• **Work to complete**:
Given the records underneath, please repeat exactly the lines from the line with "Jeep Avenger 1.2" through the line with "Cudy Wi-Fi mesh", passing over any picture.

• **Data records**:
- - -

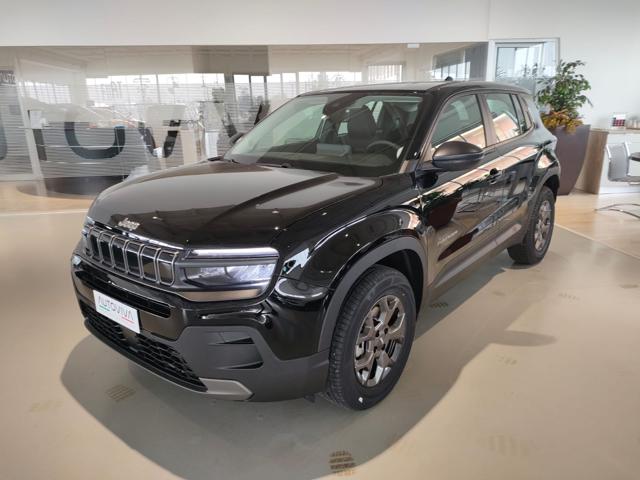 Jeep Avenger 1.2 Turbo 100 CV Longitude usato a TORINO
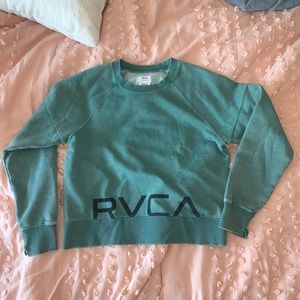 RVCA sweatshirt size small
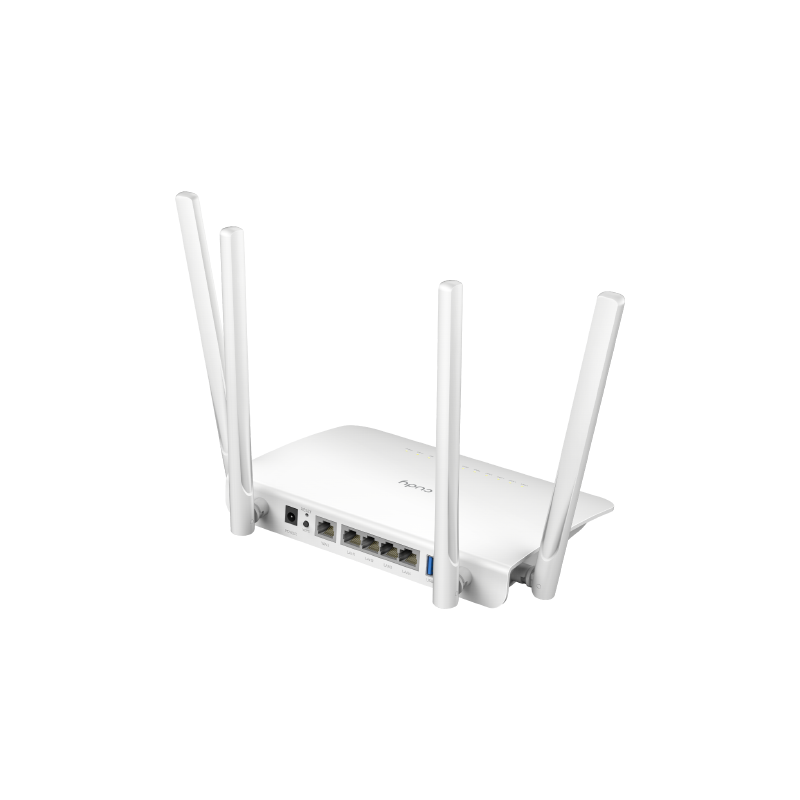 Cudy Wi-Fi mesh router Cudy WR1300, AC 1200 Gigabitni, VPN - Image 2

- - -

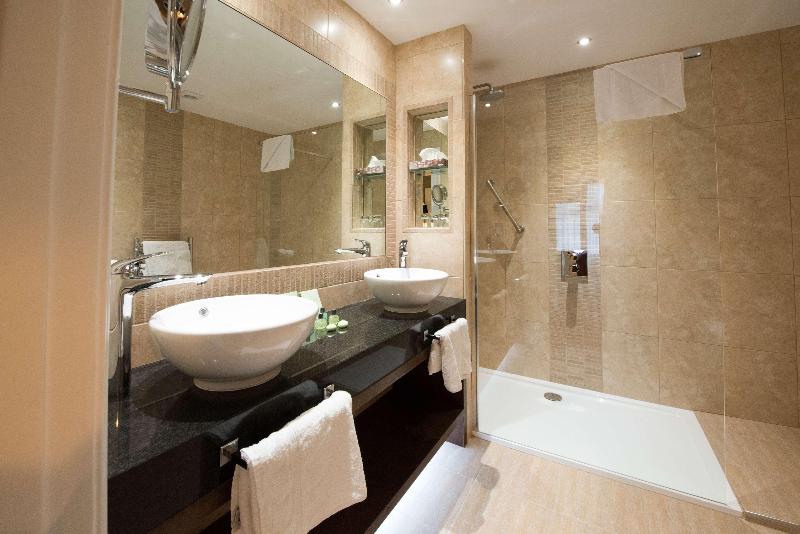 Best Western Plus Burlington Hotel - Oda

- - -

• **Answer box**:
 Jeep Avenger 1.2 Turbo 100 CV Longitude usato a TORINO
 RVCA sweatshirt size small
 Cudy Wi-Fi mesh router Cudy WR1300, AC 1200 Gigabitni, VPN - Image 2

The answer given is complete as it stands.